* ABOUT THIS TASK *
Pictures do not belong in the copy; retype the records below exactly.

Extracted records:
=== Section Start ===

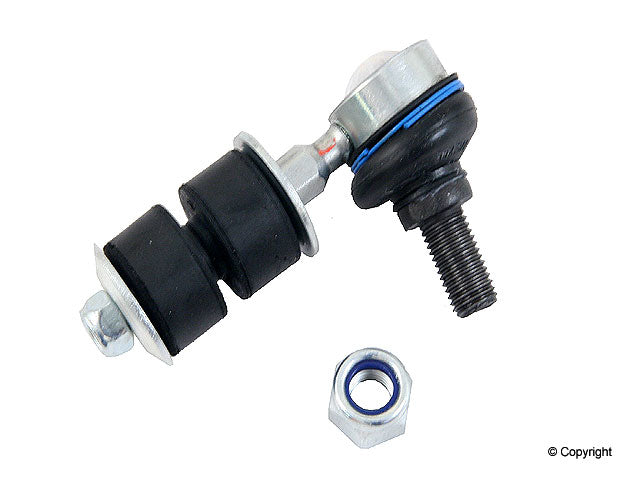 Meyle Suspension Stabilizer Bar Link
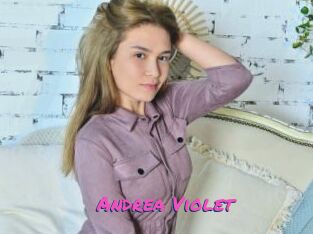 Andrea_Violet
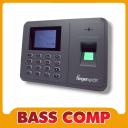 REVO PRIME 231 ABSENSI FINGERPRINT ONLINE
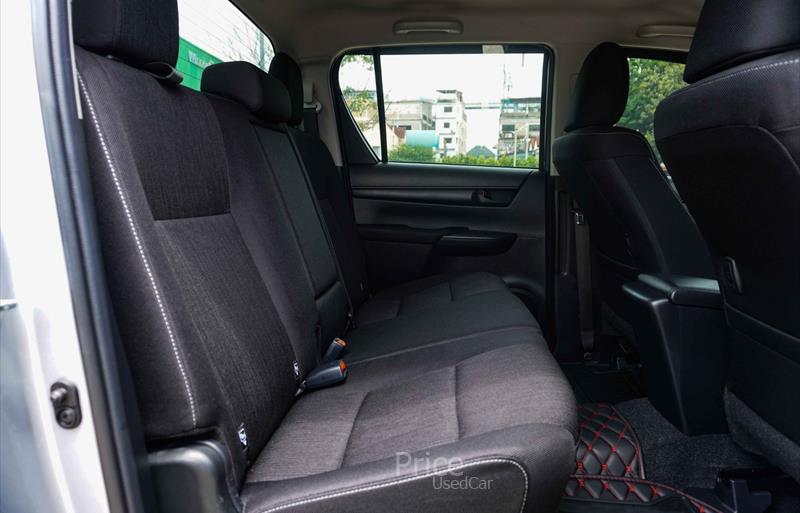ขายรถกระบะมือสอง-toyota-โตโยต้า-รถปี2022-รหัส87472-0bb638e9.jpg ขายรถกระบะมือสอง-toyota-โตโยต้า-รถปี2022-รหัส87472-0bb638e9.jpg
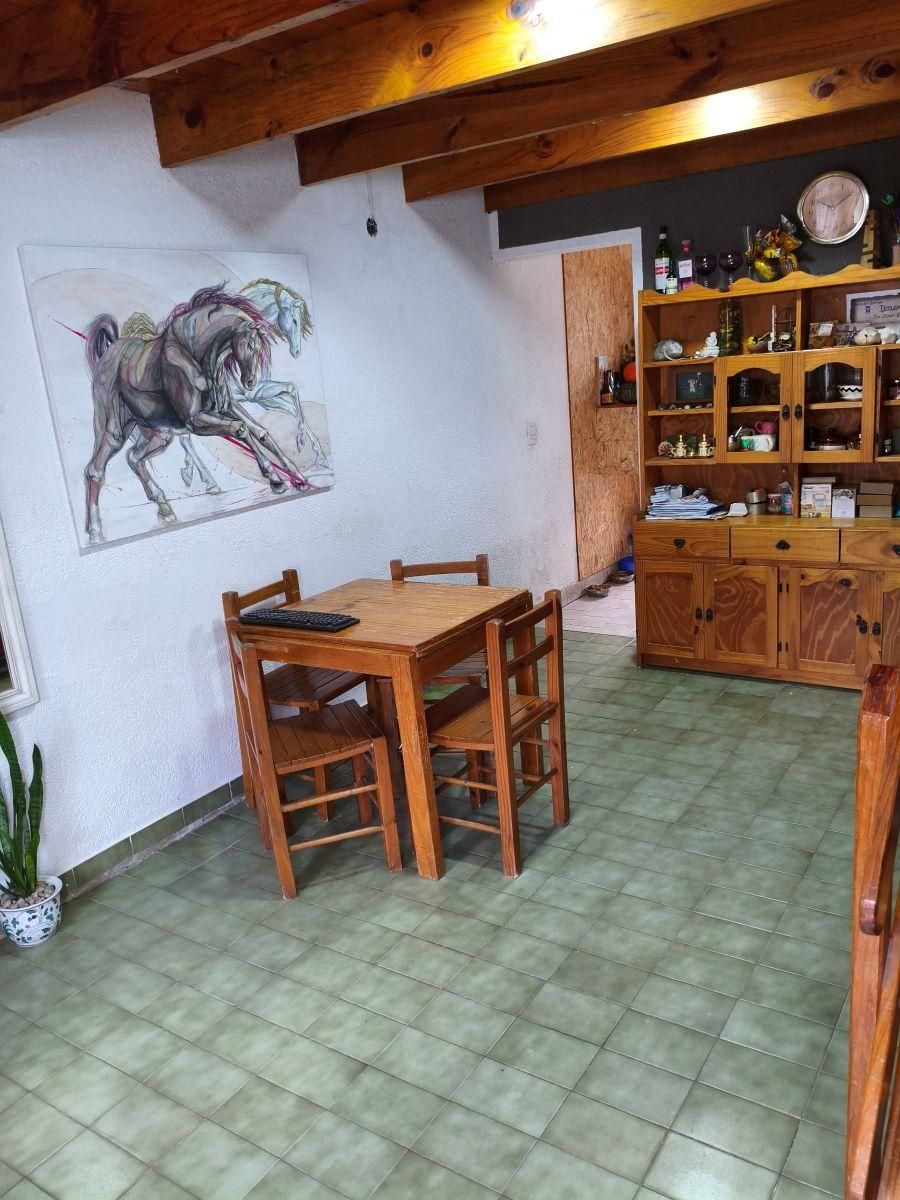 MITRE 3275 SAN BERNARDO PROVINCIA DE BUNOS AIRES · La Costa — foto 6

=== Section End ===

* RESULT OF THIS TASK *
 Meyle Suspension Stabilizer Bar Link
 Andrea_Violet
 REVO PRIME 231 ABSENSI FINGERPRINT ONLINE
ขายรถกระบะมือสอง-toyota-โตโยต้า-รถปี2022-รหัส87472-0bb638e9.jpg ขายรถกระบะมือสอง-toyota-โตโยต้า-รถปี2022-รหัส87472-0bb638e9.jpg
 MITRE 3275 SAN BERNARDO PROVINCIA DE BUNOS AIRES · La Costa — foto 6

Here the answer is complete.